- **Directions for this task**
For the material below, return exactly the lines starting at the line containing "Usain Bolt stripped" and ending at the line containing "Le Village - C6013", both ends included, and no others.

- **Extracted records**
═══

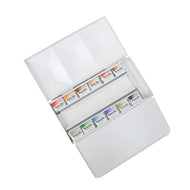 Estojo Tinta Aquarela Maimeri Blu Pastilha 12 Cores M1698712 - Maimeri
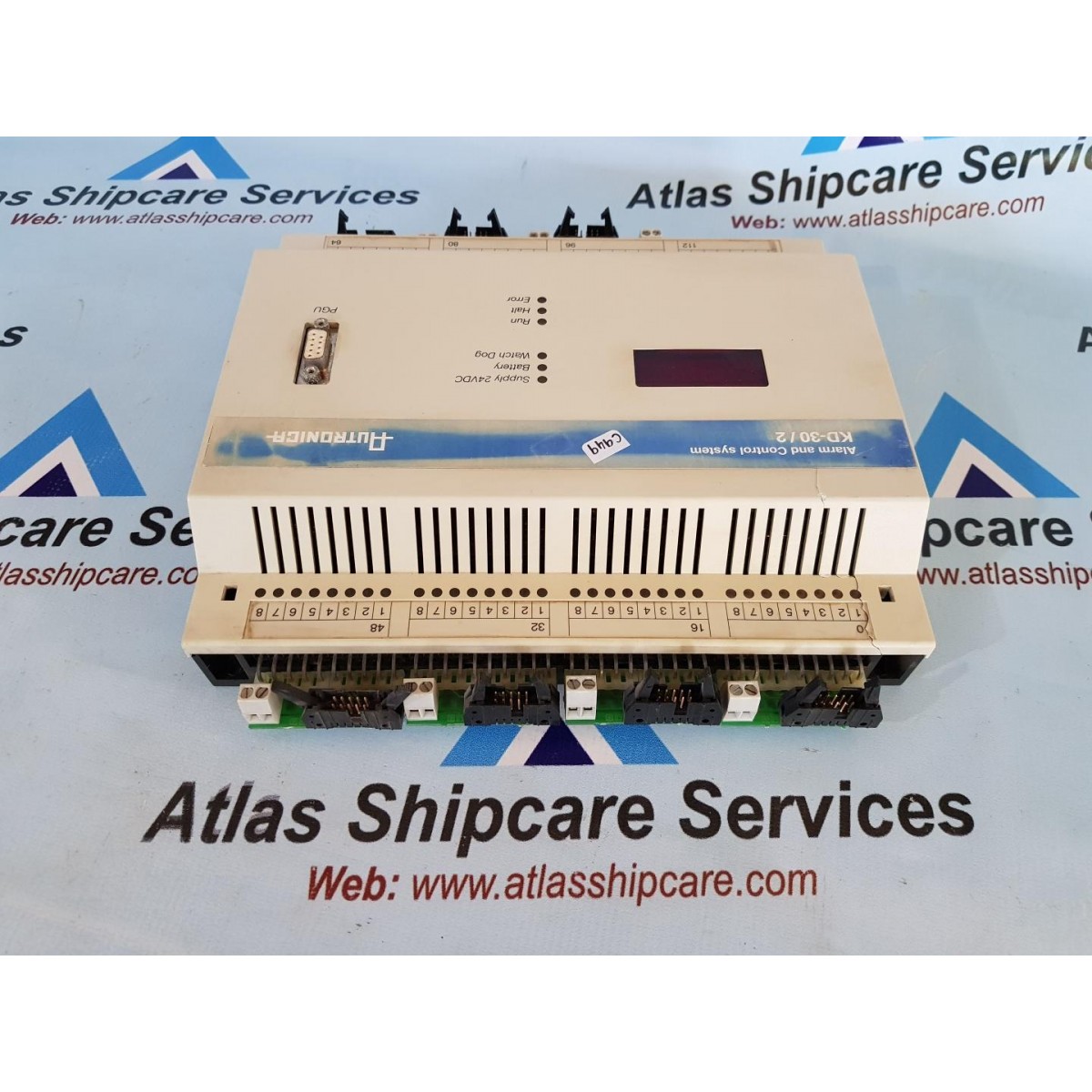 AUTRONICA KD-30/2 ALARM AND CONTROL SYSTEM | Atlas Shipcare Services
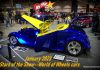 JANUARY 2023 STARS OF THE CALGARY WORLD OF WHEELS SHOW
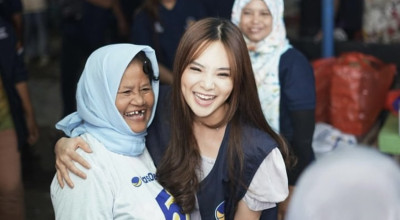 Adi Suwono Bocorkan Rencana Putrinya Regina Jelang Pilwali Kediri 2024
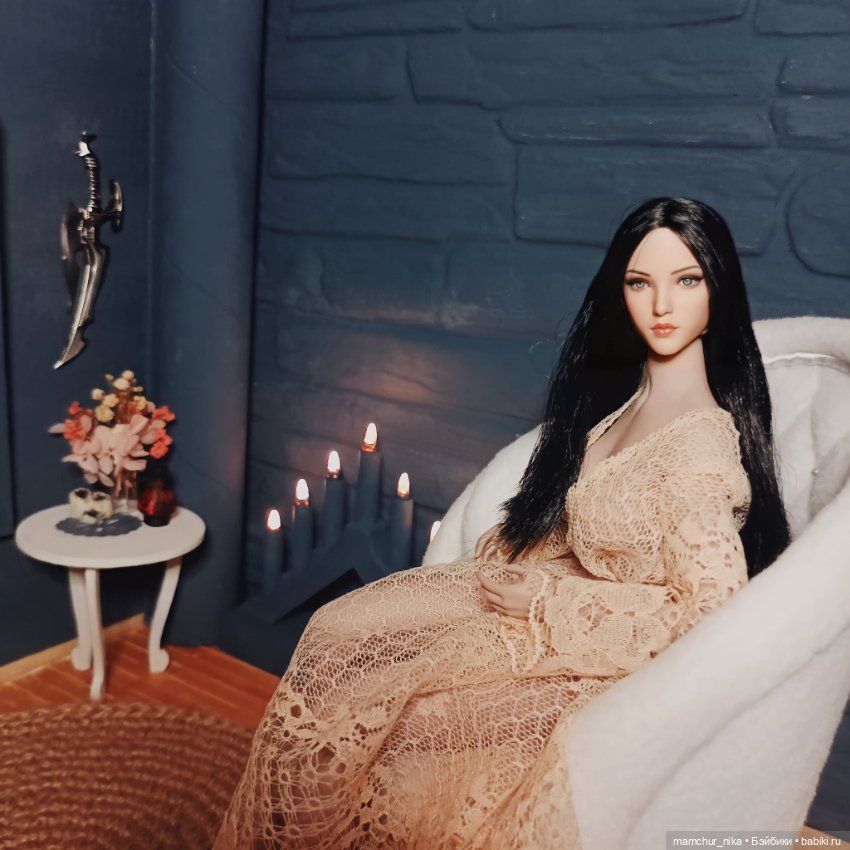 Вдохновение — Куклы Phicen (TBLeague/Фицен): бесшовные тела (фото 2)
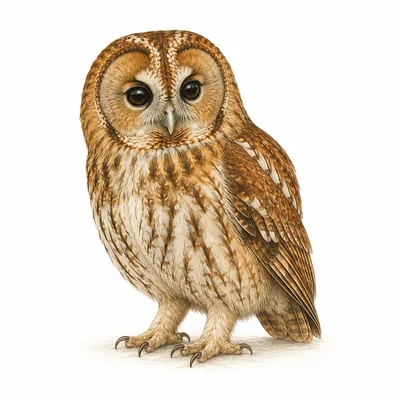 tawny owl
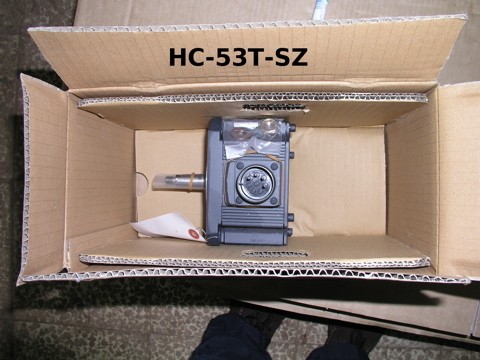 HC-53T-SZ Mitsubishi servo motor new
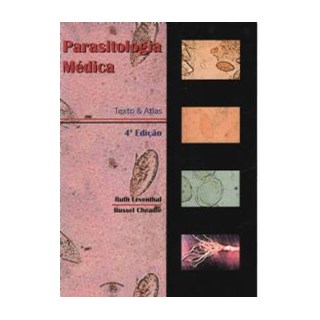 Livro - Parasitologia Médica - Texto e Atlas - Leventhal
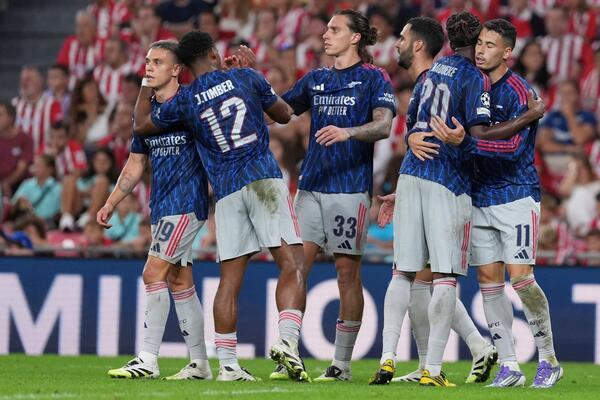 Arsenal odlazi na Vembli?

═══

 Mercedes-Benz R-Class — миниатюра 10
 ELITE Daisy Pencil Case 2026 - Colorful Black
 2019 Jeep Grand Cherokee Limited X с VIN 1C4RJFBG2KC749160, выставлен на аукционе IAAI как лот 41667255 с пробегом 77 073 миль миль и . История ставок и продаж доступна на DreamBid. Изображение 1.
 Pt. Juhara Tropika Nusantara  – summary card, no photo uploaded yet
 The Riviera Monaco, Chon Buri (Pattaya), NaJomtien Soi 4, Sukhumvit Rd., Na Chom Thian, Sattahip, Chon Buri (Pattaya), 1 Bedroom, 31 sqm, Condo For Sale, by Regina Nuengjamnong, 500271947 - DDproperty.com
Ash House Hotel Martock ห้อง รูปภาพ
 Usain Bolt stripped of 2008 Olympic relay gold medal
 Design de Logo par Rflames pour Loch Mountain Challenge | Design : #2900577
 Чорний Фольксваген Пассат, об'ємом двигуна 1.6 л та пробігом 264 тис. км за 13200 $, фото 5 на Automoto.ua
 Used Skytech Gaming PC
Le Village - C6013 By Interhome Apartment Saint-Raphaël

═══

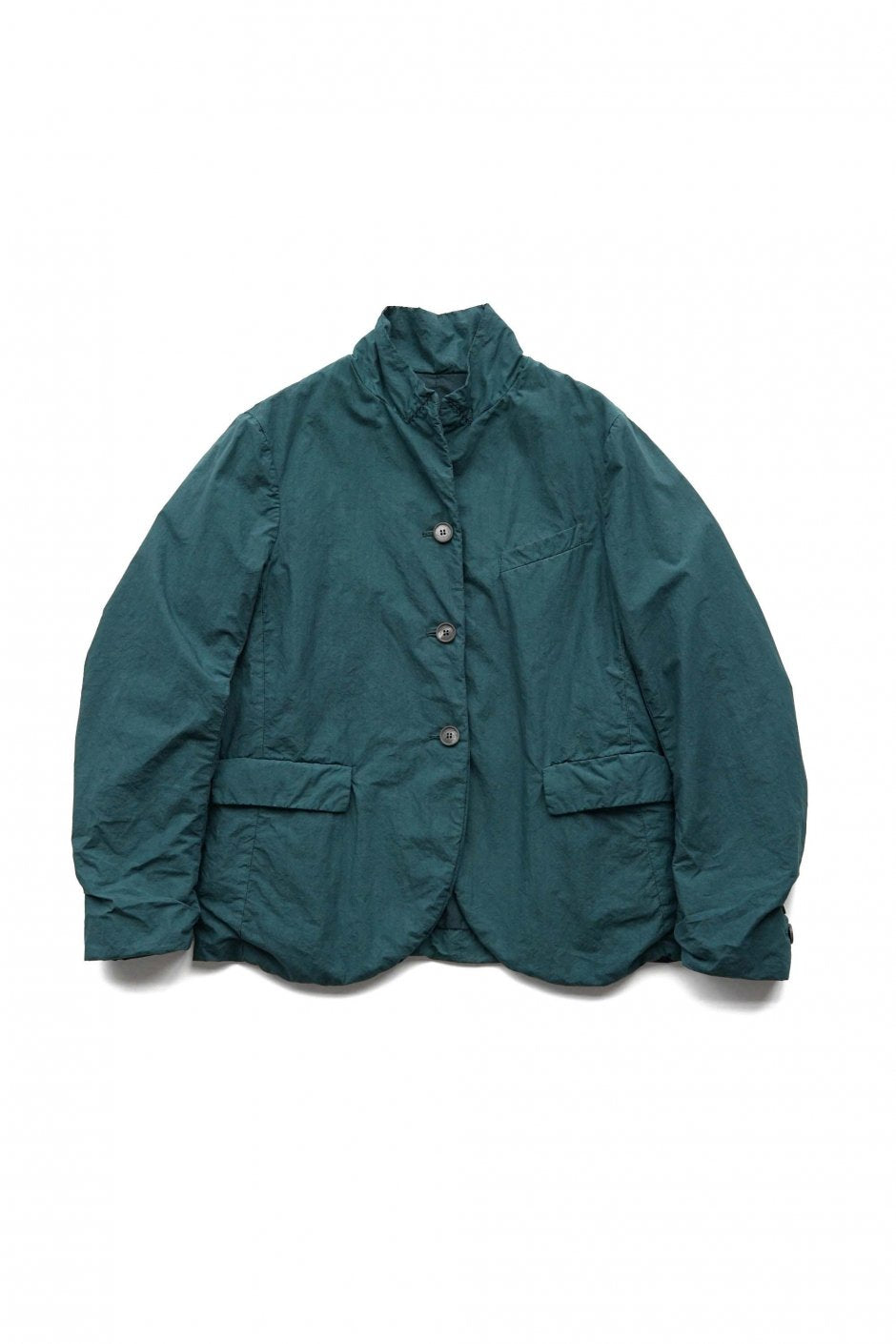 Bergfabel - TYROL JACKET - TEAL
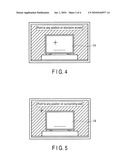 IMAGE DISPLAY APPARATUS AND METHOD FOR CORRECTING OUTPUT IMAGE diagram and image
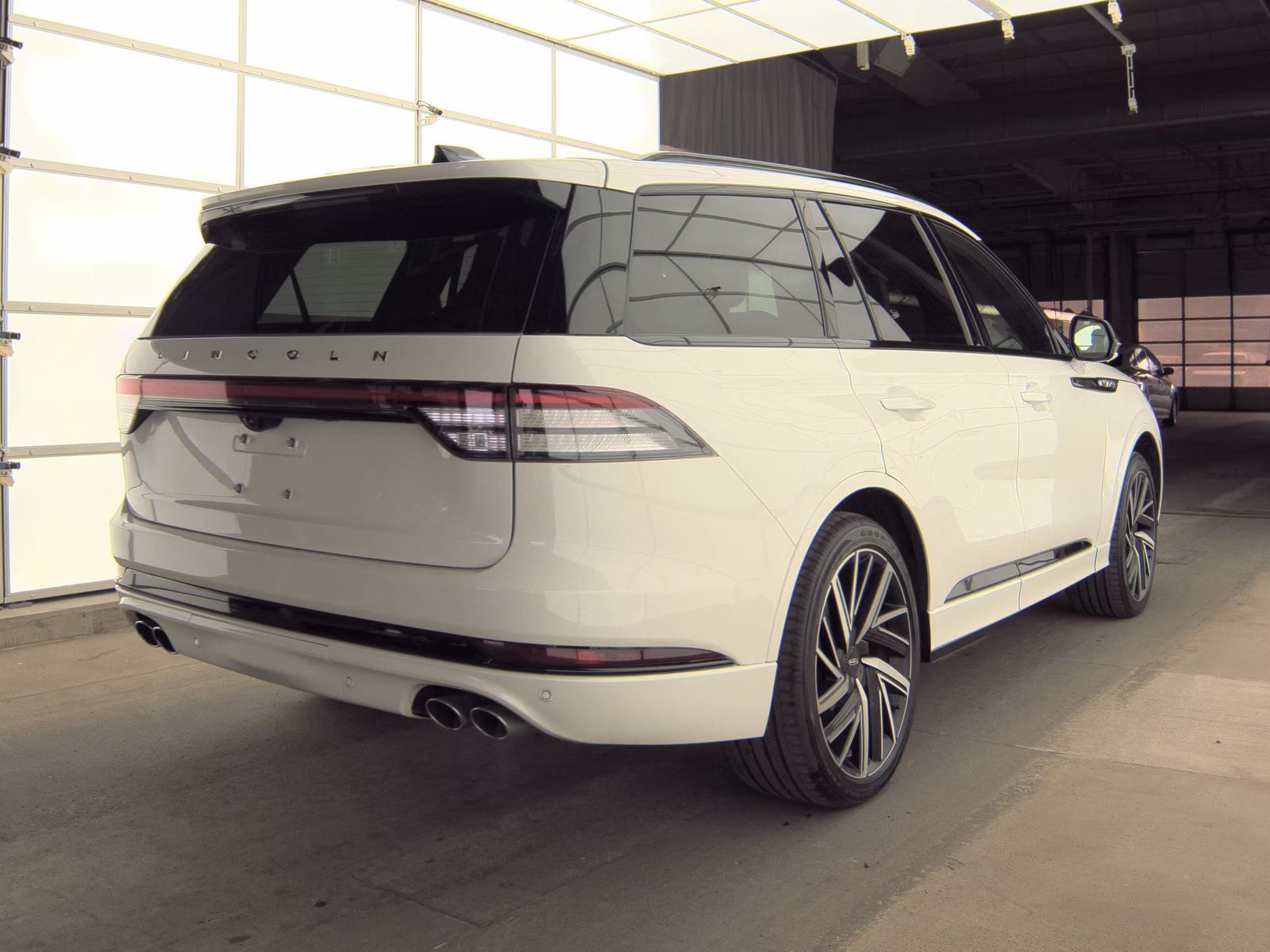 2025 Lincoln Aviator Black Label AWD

═══

- **Answer to the exercise**
 Usain Bolt stripped of 2008 Olympic relay gold medal
 Design de Logo par Rflames pour Loch Mountain Challenge | Design : #2900577
 Чорний Фольксваген Пассат, об'ємом двигуна 1.6 л та пробігом 264 тис. км за 13200 $, фото 5 на Automoto.ua
 Used Skytech Gaming PC
Le Village - C6013 By Interhome Apartment Saint-Raphaël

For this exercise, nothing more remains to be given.